There are local standards which may be more or less closely reached, but there is no absolute criterion of a universally good standard. In the west, the gradual raising of wage levels, combined with beneficent social legislation, has resulted in a real rise in the standards of living of millions of people in the industrialised countries. Unfortunately this has tended to make many people think that a similar improvement in the standards of living of people all over the world is to be brought about by adopting similar methods. Reformers in the Empire have tended to conceive the improvement of native peoples standards too much in monetary terms and the command over a more varied range of goods. But if these goods are not intelligently used, if increased money income breaks up traditional mechanisms for social services and the pooling of resources, such an increase in the financial level of income may have the reverse effect.
But it is not only in communities where money plays only a small or subsidiary part in the consumable income that a false picture of the standards of living can be given by a study concerned merely with the ostensible income level. Nor is it only external conditions, geographically determined, which can alter effective use of income. A Malay Government clerk and his Chinese counterpart, earning the same salary and working in the same area, have very different patterns of household economy. The Chinese love to eat sharks fins, which the Malay will never touch, although he will eat the flesh of that fish which no religious sanction forbids. On the other hand, the Malays avoidance of pork, beloved of the Chinese, is dictated by religious rule.
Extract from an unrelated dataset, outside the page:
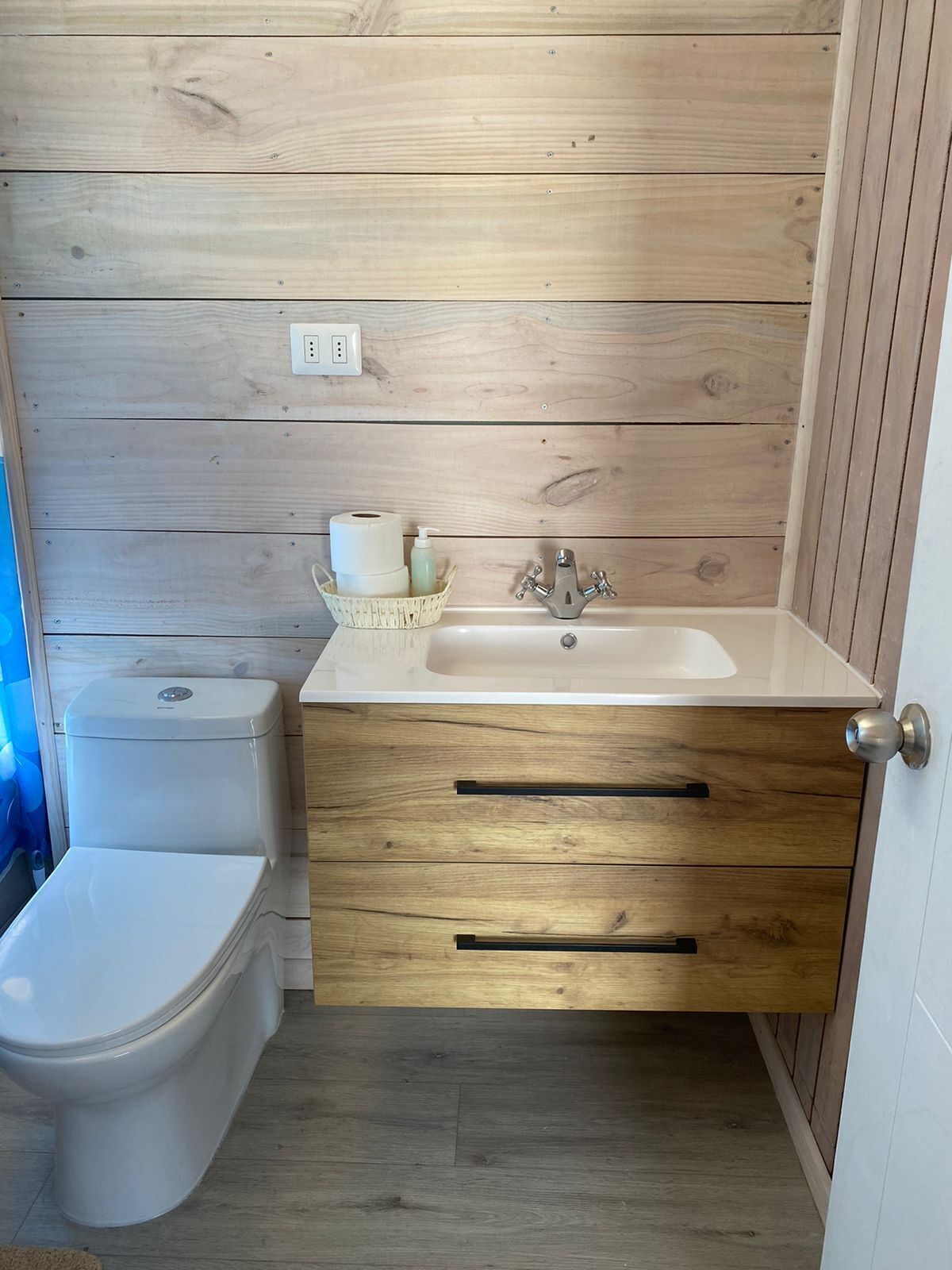 A compact bathroom with a wooden vanity, a toilet, and a sink.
A moments thought will show that these small differences in the tradition of house-keeping can be found nearer home. Why do the English never eat haggis, and more rarely oatmeal than the Scots? Why in New Zealand middle-class homes does one rarely find servants, while a man will help his wife with the washing-up, which is unusual in England? This division of labour in the home, as well as the choice of foodstuffs, vitally affects the real consumable income of the household.